Transcribe exactly the lines that fall between the one holding "திருப்பரங்குன்றத்தில் கந்த சஷ்டி" and the one holding "Bild von 2 Stück", inclusive, from the entries below.

Start of Data to use

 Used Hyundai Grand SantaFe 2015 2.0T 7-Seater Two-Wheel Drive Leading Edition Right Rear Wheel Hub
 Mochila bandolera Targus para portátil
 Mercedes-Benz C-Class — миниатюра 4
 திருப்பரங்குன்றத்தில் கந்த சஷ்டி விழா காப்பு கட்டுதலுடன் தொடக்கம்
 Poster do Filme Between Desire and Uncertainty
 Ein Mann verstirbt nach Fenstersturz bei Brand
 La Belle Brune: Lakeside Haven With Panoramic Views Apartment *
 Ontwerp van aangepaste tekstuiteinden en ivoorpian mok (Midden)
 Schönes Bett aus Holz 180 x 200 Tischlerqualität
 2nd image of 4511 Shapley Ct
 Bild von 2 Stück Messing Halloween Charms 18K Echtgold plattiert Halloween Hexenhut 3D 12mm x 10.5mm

End of Data to use
Start of Data to use

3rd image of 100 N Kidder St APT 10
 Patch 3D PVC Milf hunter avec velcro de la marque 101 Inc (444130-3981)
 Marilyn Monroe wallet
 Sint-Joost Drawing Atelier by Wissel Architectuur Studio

End of Data to use
Start of Data to use

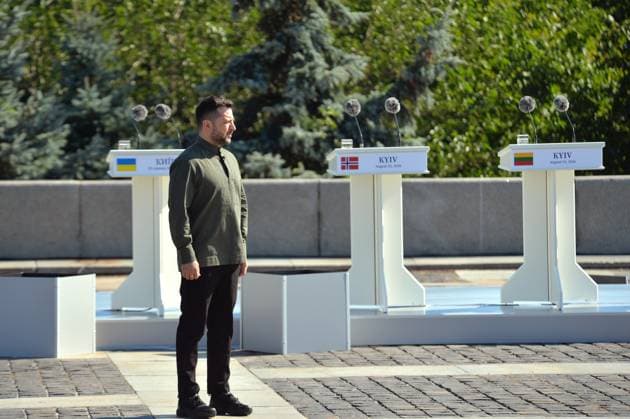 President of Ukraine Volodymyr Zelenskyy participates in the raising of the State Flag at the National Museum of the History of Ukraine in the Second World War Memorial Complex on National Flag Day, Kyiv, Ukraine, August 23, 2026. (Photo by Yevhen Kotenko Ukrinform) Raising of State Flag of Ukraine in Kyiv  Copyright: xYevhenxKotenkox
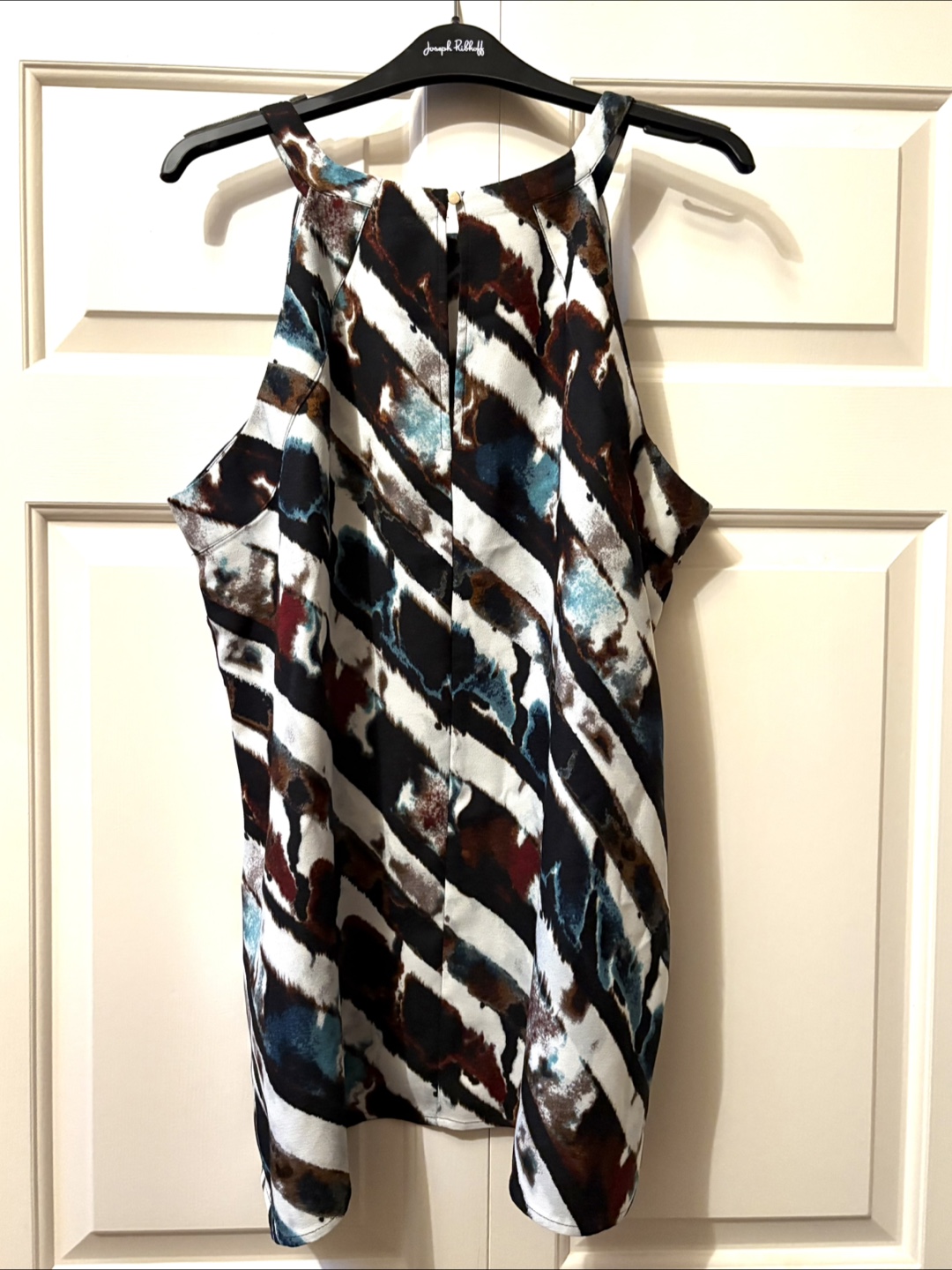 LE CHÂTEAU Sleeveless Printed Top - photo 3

End of Data to use

Exercise output>
 திருப்பரங்குன்றத்தில் கந்த சஷ்டி விழா காப்பு கட்டுதலுடன் தொடக்கம்
 Poster do Filme Between Desire and Uncertainty
 Ein Mann verstirbt nach Fenstersturz bei Brand
 La Belle Brune: Lakeside Haven With Panoramic Views Apartment *
 Ontwerp van aangepaste tekstuiteinden en ivoorpian mok (Midden)
 Schönes Bett aus Holz 180 x 200 Tischlerqualität
 2nd image of 4511 Shapley Ct
 Bild von 2 Stück Messing Halloween Charms 18K Echtgold plattiert Halloween Hexenhut 3D 12mm x 10.5mm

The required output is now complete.